Directions for this task »
If pictures appear among the lines below, leave them out while you return exactly the lines from the one with "Bianca® - Sapatos" through the one with "Satin Sheen Short Pyjama Set".

Provided data »

-- Opening Marker --

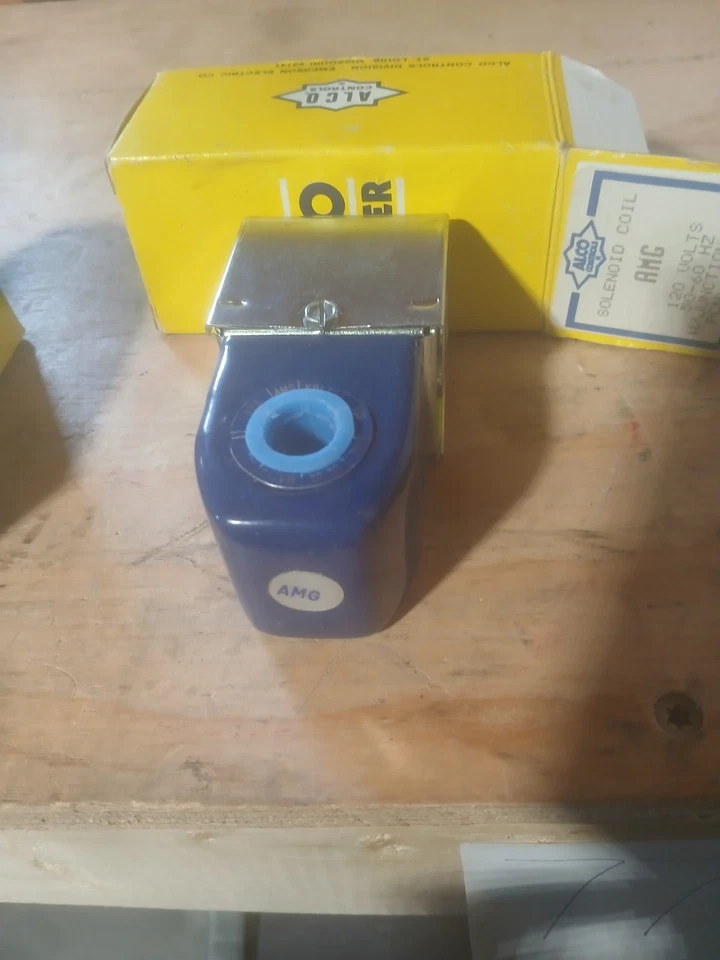 Alco Controls AMG Solenoid Coil 120v 066012 New - Image 3 of 4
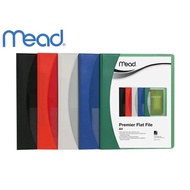 MEAD Deluxe Flat Management Files A4 Folder, A4 Holder, File Holder, Clear folder, Plastic Folder, F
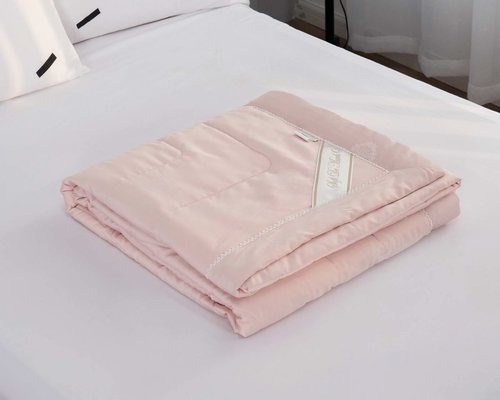 Одеяло Sofi De Marko ШАРЛИЗ микроволокно/тенсель+полиэстер карамельный 200х220, фото, фотография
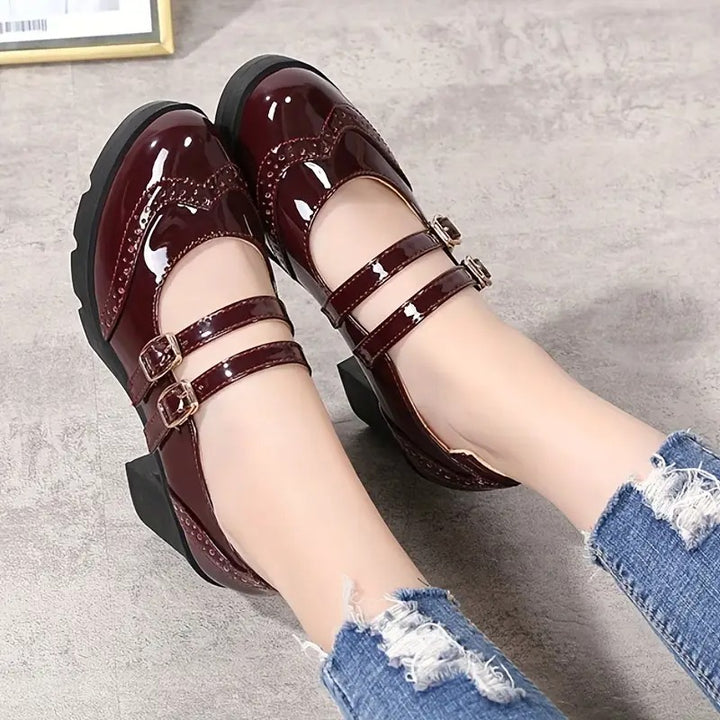 Bianca® - Sapatos Ortopédicos de Couro⏐Edição Premium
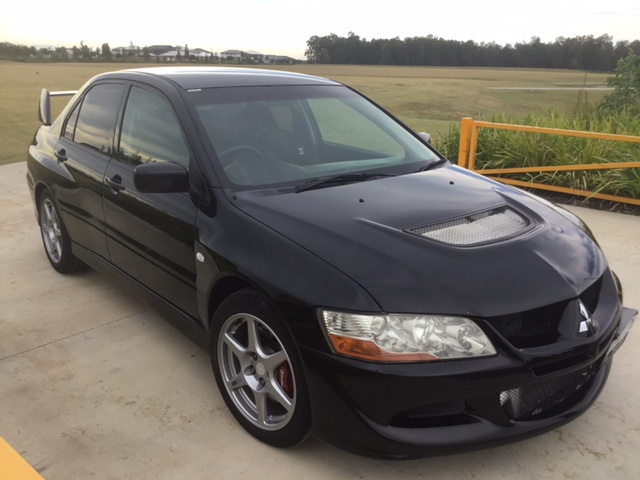 2003 Mitsubishi Lancer Ralliart Evolution VIII CZ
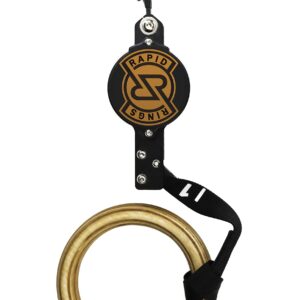 Rapid Ring Sports Gymnastic Rings with Adjustable Straps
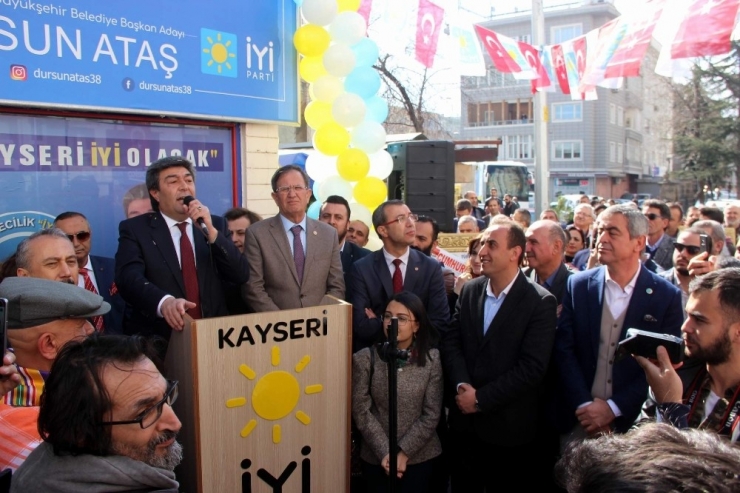 Millet İttifakı Büyükşehir Belediye Başkan Adayı Ataş: "Kimseyi Ayırt Etmeden Hizmet Edeceğim"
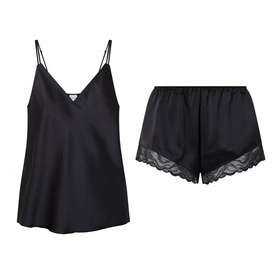 Satin Sheen Short Pyjama Set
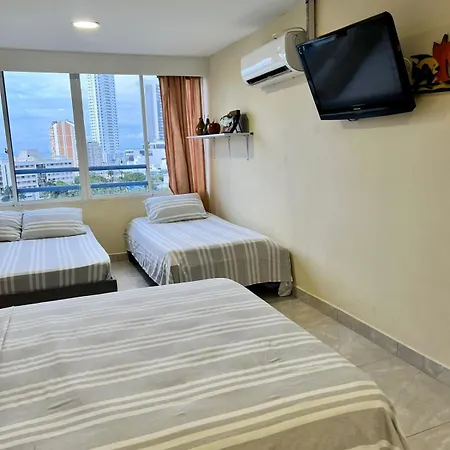 Apartamento Por Dias Laguito Ctg *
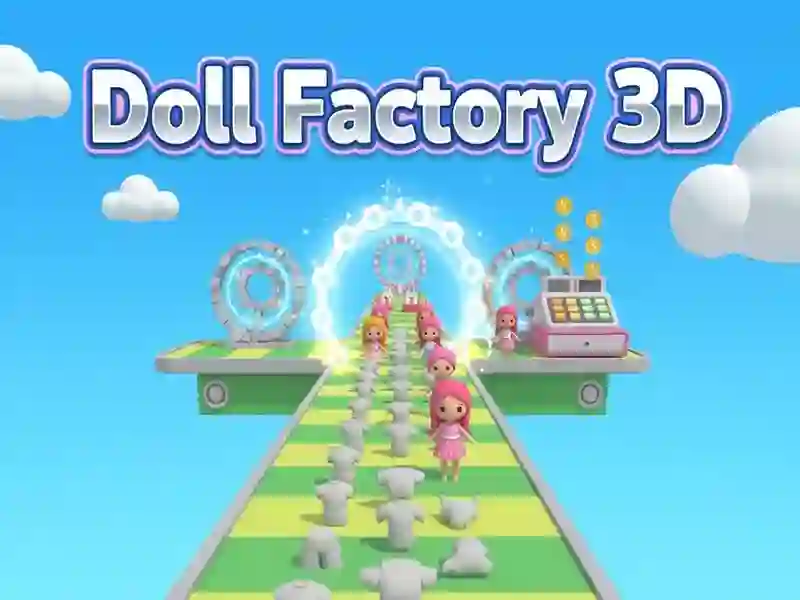 بازی Doll Factory 3D آنلاین
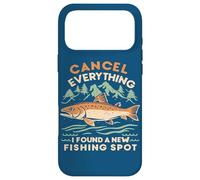 Angler Cancel Everything I Found A New Fishing Spot Fisher Case for iPhone 17 Pro Max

-- Closing Marker --

Solution to this exercise »
 Bianca® - Sapatos Ortopédicos de Couro⏐Edição Premium
 2003 Mitsubishi Lancer Ralliart Evolution VIII CZ
 Rapid Ring Sports Gymnastic Rings with Adjustable Straps
 Millet İttifakı Büyükşehir Belediye Başkan Adayı Ataş: "Kimseyi Ayırt Etmeden Hizmet Edeceğim"
 Satin Sheen Short Pyjama Set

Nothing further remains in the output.